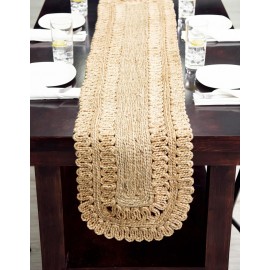Hand Braided Jute Table Runner Rug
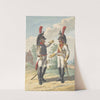 Two Cuirassiers of the Dutch Royal Horse Guard (1808) by Jan Anthonie Langendijk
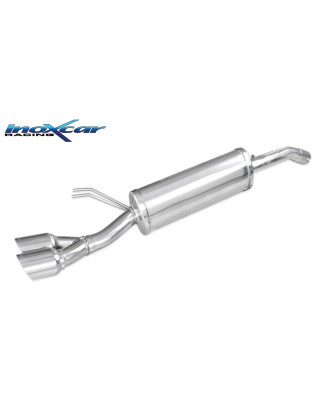 Posteriore con uscita 2 x diam. 80 RACING FIAT NEW BRAVO 1.4 T-JET SPORT - 2007 150CV (type 198) (Co
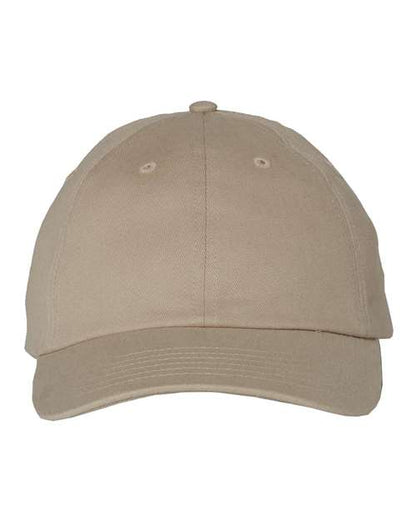 Valucap Brushed Twill Cap - Khaki Front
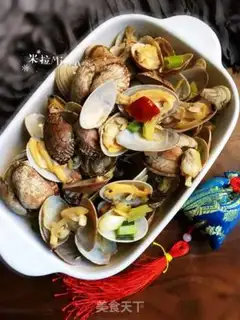 Make Scrambled clams step 8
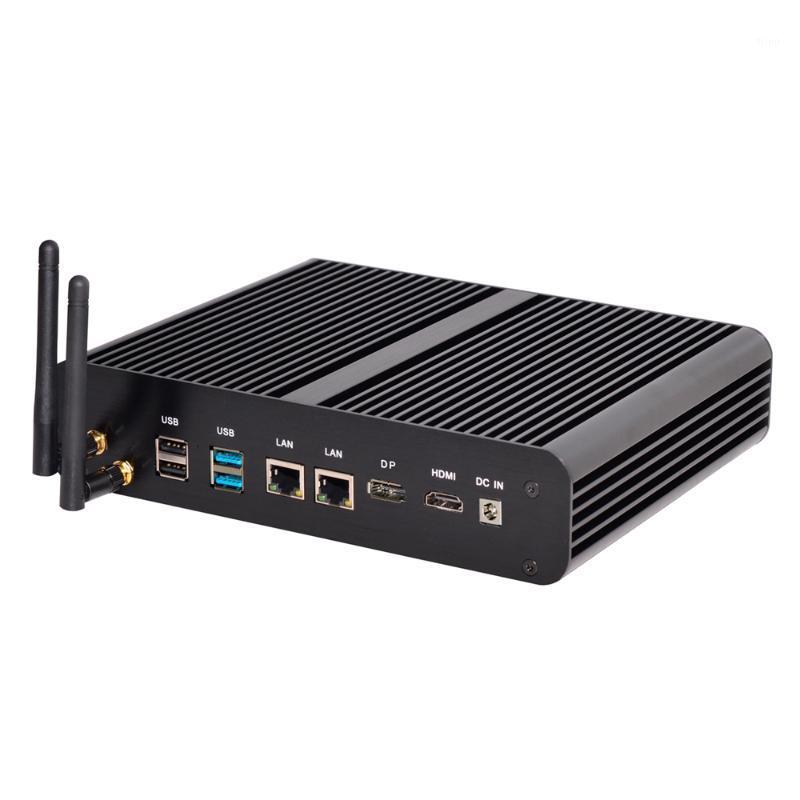

Fanless Mini Computer Intel 6567U Desktop PC 2*DDR4 Msata+M.2 PCIE Micro PC Windows 10 HTPC Nuc VGA DP1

### [TRY IT]
The output must match the records word for word, except that no pictures appear.

### [ANSWER BOX]
Hand Braided Jute Table Runner Rug
 Two Cuirassiers of the Dutch Royal Horse Guard (1808) by Jan Anthonie Langendijk
 Posteriore con uscita 2 x diam. 80 RACING FIAT NEW BRAVO 1.4 T-JET SPORT - 2007 150CV (type 198) (Co
 Valucap Brushed Twill Cap - Khaki Front
 Make Scrambled clams step 8

Fanless Mini Computer Intel 6567U Desktop PC 2*DDR4 Msata+M.2 PCIE Micro PC Windows 10 HTPC Nuc VGA DP1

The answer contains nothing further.